An example instantiation of an MLServingTestClient can be found in the housing template serving tests. Here the MLServingTestClient context manager is instantiated with an application and a mapping from artifact names to ArtifactMockSpec objects which mock the aforementioned components of each artifact.

Helper Methods

prediction_request, validate_response, and parse_response are simple helper functions which do the following:

  • prediction_request: make a request using the given client and request parameters.
  • validate_response: ensure that the response has a 200 status code and return a 2-tuple of a boolean and a string message, which can be asserted to give descriptive error messages.
  • parse_response: parse a requests Response object to retrieve the relevant data from the response body, which is the predictions from the "predictions" key.

These should be used by tests in test_app.py.

Serving Client

Much of the functionality here is inherited from paystone.api.PSAPIClient, which was discussed here. The main purpose of this further wrapper is to present a more convenient interface for the specific endpoints available in a machine learning services: the prediction routes, and the health check route.

Health checks are given a .health_check() method. This facilitates a .poll_for_ready() method which is used when deploying services to ensure that they are healthy before concluding the deployment phase.

Prediction routes are accessed via .predict(), with an argument for which path is being invoked. Since all paths are required to have the same schema, the rest of the signature is static: it takes a list of instances and a parameter data model instance, returning the predictions from the service for that path.

Service Manager

The service manager is a component used in the MLServing API's deployment which manages its OpenAPI configuration. The openapi.yaml config file discussed there is deployed via this service manager.

It can be built incrementally. For example, if a service is to be added to the configuration via .add(), it first loads the current openapi.yaml configuration, then adds the needed config for the new service. The same process occurs for removing services with .remove(). Multiple updates can be made at once via .update_many(). If a service is to be edited, that is a .remove() followed by an .add(), as part of an .update_many().

Before deploying a new schema, it is validated according to our own rules. This validation follows Pydantic conventions, where for any rules that are broken, we first attempt to "fix" the data, and return fixed data if possible. These rules currently are:

  • Major version level paths must exist for services where there exists at least one minor version revision.
    • For example, if there is a /housing/v1/m0/predict path, there must be a matching /housing/v1/predict path.

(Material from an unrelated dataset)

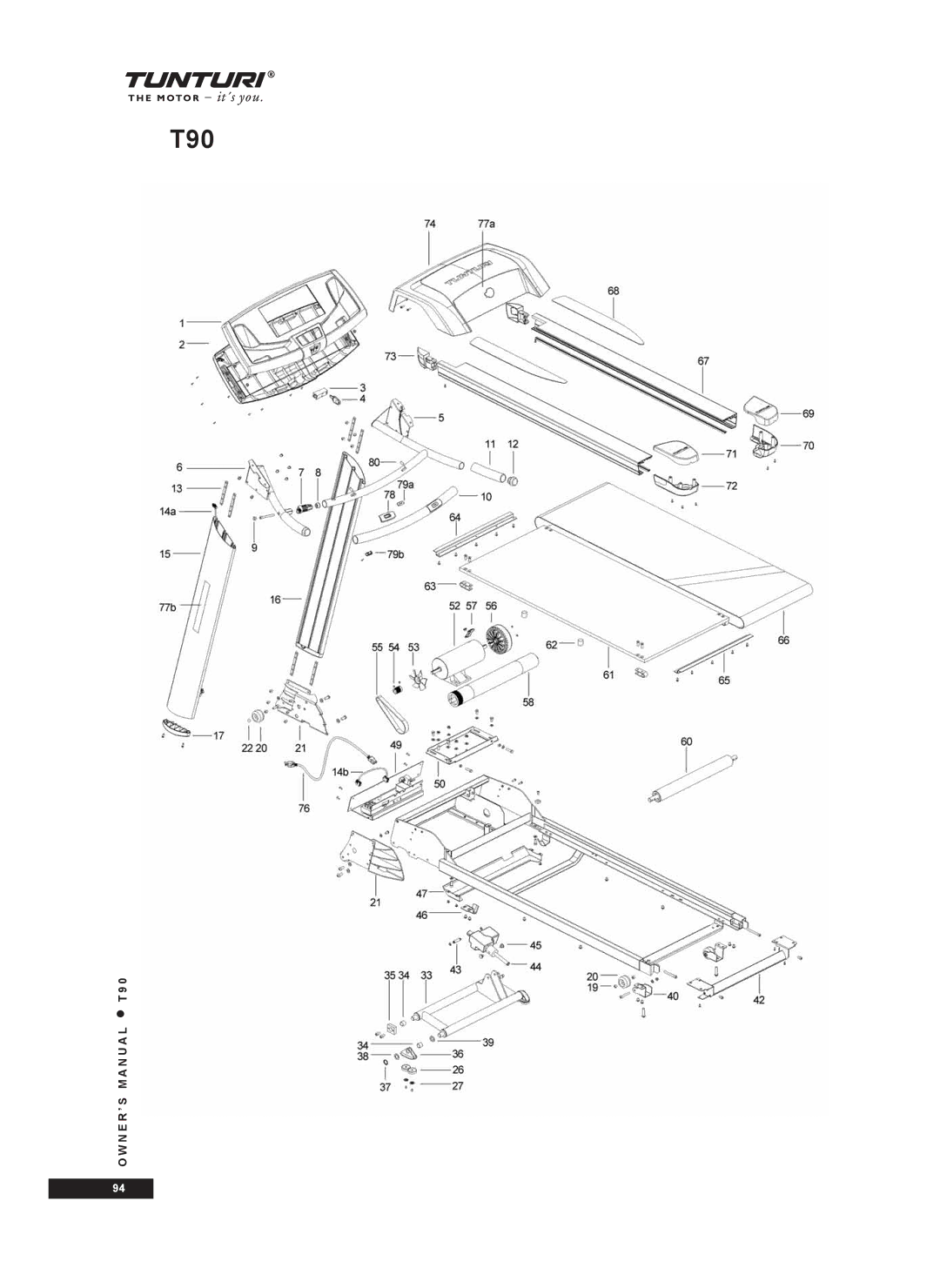 Tunturi T90 owner manual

The contents of the YAML file are represented as a Pydantic data model, which, in addition to validating the data it is provided, has added functionality to merge instances of the model. For example, two partial schemas can be "merged" such that the resulting schema contains a union of the paths and definitions of each model, while retaining the otherwise common configuration between the two. The inverse operation, a "subtraction" of one model from the other, works in a similar fashion. This is essentially how "adding" and "removing" paths works.